|
> yes, the program was vectorized "The program" contains two hot loops. Judging from the assembly code you linked in a sibling comment, only the second of these loops was vectorized, the first one wasn't. This slower non-vectorized loop will still dominate execution time. And for whatever it's worth, dropping the original article's for i in 0..n{
b[i]=b[i]+(r/beta)*(c[i]-a[i]*b[i])
}
in place of your loop using iterators and FMA, you still get nicely vectorized code (though without FMA) for this loop: .LBB6_120:
vmovupd zmm2, zmmword ptr [r12 + 8*rcx]
vmovupd zmm3, zmmword ptr [r12 + 8*rcx + 64]
vmovupd zmm4, zmmword ptr [r12 + 8*rcx + 128]
vmovupd zmm5, zmmword ptr [r12 + 8*rcx + 192]
vmovupd zmm6, zmmword ptr [r14 + 8*rcx]
vmovupd zmm7, zmmword ptr [r14 + 8*rcx + 64]
vmovupd zmm8, zmmword ptr [r14 + 8*rcx + 128]
vmovupd zmm9, zmmword ptr [r14 + 8*rcx + 192]
vmulpd zmm10, zmm2, zmmword ptr [rbx + 8*rcx]
vsubpd zmm6, zmm6, zmm10
vmulpd zmm10, zmm3, zmmword ptr [rbx + 8*rcx + 64]
vsubpd zmm7, zmm7, zmm10
...
Neither FMA nor iterators make a difference for whether this loop is vectorized, so any speedups are necessarily limited. |
If it's OK I'll link to this comment as the inspiration.

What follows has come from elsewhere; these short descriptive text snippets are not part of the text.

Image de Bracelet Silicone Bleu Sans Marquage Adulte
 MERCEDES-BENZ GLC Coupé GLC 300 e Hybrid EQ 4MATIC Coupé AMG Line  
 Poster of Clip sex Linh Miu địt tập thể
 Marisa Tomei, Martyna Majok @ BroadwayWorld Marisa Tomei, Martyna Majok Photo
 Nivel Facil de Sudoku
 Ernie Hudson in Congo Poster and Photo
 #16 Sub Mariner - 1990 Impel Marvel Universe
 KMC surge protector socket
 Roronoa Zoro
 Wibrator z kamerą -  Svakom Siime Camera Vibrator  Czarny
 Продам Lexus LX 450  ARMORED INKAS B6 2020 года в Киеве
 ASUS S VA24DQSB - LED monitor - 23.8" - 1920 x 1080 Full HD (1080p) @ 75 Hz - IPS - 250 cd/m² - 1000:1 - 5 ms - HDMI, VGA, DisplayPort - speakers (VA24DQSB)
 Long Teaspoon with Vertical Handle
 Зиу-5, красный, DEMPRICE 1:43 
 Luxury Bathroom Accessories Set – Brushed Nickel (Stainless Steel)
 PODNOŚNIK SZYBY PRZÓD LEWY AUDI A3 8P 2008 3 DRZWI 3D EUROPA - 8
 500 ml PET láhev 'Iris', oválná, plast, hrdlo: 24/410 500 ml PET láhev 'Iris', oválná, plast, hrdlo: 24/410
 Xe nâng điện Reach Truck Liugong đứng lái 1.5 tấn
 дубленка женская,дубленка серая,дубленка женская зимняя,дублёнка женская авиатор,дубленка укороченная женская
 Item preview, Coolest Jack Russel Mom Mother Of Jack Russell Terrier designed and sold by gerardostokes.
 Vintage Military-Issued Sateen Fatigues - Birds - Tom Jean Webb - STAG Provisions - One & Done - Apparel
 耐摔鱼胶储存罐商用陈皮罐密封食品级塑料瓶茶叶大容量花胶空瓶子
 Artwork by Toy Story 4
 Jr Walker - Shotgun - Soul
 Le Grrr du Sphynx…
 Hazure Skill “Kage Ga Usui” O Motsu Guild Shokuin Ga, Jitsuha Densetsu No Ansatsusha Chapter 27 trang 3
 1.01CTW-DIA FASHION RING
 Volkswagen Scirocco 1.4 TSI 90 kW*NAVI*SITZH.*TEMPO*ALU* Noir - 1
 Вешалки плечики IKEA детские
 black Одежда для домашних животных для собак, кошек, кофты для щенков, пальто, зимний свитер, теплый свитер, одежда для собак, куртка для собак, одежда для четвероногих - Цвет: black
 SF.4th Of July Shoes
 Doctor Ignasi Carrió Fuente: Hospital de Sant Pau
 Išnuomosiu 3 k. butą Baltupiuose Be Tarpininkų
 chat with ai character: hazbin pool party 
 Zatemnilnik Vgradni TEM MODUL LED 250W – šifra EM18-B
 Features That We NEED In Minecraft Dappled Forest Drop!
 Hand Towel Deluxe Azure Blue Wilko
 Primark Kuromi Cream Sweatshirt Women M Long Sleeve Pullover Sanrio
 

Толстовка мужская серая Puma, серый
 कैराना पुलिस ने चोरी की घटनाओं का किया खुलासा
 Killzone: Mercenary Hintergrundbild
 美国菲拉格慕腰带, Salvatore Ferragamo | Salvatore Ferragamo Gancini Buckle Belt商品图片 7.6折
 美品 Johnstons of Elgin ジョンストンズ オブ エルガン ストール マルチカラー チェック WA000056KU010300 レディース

On the iterators versus loop: for some reason when I use the raw loop _nothing_ vectorizes, not even the obvious loop. What I read online was that bounds checking happens inside the loop body because Rust doesn't know where those indices are coming from. Using iterators instead is supposed to fix this, and it did seem to in my experiments.